Katalitik soba tehlikesi

       Isınmak için katalitik soba kullanılıyor. Ankara, 50.000 sobanın ihalesini tamamlamış ve göndermiş. Birol General de çadırlara dağıtıp, bir tüp şirketi ile anlaşmayı sağlamış sağlamasına da, ısınma sorununun bu biçimde çözülmesi içine çok sinmemiş. "Çadırların ısınabilmesi için, her yerinin kapatılması lazım. Herkesin bildiği gibi, bu sobalar havadaki oksijeni yok eder. Oksijen ihtiyacı farklı miktarlarda olan çocuk, astımlı ya da yaşlı insanlar var. Zehirlenmelerden endişe ediyorum. Aslında en iyi çözüm, elektrikli ısınma, yağlı radyatör ya da rezistanslı ısıtıcılar, ama yapamıyoruz. Trafo, kablo, elektrik sistemi, bu bölgeyi ısıtacak enerjiyi kaldıramaz. Hatta vatandaşın elektrikli battaniye temin edip kullanarak, elektrik sistemine zarar vermesinden korktuğumuz için, anonslarla sakinlerimizi bilgilendirmeye çalışıyoruz" diyor.

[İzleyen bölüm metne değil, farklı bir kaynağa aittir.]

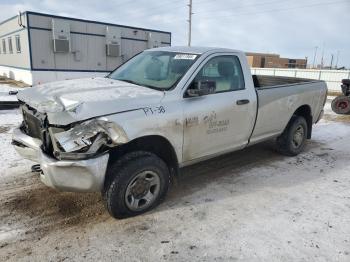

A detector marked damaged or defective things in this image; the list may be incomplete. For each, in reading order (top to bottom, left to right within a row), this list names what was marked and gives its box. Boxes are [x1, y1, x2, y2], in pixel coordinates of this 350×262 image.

crushed hood [18, 77, 166, 125]
broken headlight [50, 119, 129, 160]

Kızılay'la ordu çadırı arasındaki fark

       Kara Kuvvetleri'nin ürettiği, Doğu'daki birlikler tarafından kullanılan çadırların 3000 tanesi Mehmetçi Çadırkent'e gönderilmiş. "Soğuk iklim çadırı" diye adlandırılan bu çadırlar, Birol General'e göre, ithal edilecek çadırlardan daha iyi ve kullanışlı.
       "Peki, neden daha çok çadır getirilmiyor" sorusuna verdiği yanıt ise ilginç.
       "Kara Kuvvetleri'nin günlük çadır üretimi 17 ile 20 adet arası. Kaç çadıra ihtiyaç olduğu ve üretimin bu ihtiyacı karşılamadığı ortada."
       Cevap aslında, başka soruları getiriyor akla. "Neden çadır alımı yerine, çadır üretimi yapan bu tesisin üretim gücü artırılmadı? Haydi işi biraz daha ileriye götürelim. Madem böyle çadırlar üretebiliyoruz, Kızılay'a hiç olmazsa bundan sonrası için bu çadırlardan üretilip, Nuh Nebi'den kalma çadırlar yok edilebilir. Üstelik cezaevlerinde kalan tutuklu ve hükümlülere de, bu üretimde rol verilerek, yeni rehabilite ve iş alanları da tahsis edilebilir" diye düşündüm. Ne dersiniz?

Kadınlar gece rahat uyuyor

       Sohbetin sonunda, bölgeyi dolaşmaya çıktık. Karşılaştığım insanların saygı ve sevgi dolu tutumları, işleyişin düzenliliği ve güzelliği hakkında fikir veriyordu. Daha çok hanımlar geldi yanımıza. Bir tanesi:
       "Artık benim de anlatacak askerlik anım var. Ben de askerlerle mutfağa girip patates, soğan doğradım" dedi. Bir başkası:
       "Gece saat üçte kalkıp tuvalete gidiyorum. Yeşil üniformaları görmesem, bizi koruduklarını bilmesem, nasıl giderim. Allah razı olsun ordumuzdan." Benzeri övgü dolu sözlerden sonra, bir diğer hanım sıyrıldı kalabalığın arasından.
       "Komutanım, çocuklarım uzakta. Bir hafta sonra asker gidecek diyorlar. Gidecekseniz getirmeyeyim çocuklarımı. Siz olmazsanız çocuklarımı buraya getirmem."
       Hayır, asker gitmiyor.
       "Hiçbir şey yapmadan ortada dolaştığı için komutan olduğunu anlayan" küçük çocukla sonradan arkadaş olan Birol General, bir süre sonra beresini alıp, tugayının başına dönecek, ama askeri personelin bir bölümü kalmaya devam edecek, çünkü prefabrike konutların tamamlanmasına daha çooook var. Depremde evsiz kalan insanlarınsa kurulu, işler ve güvenilir bir düzene.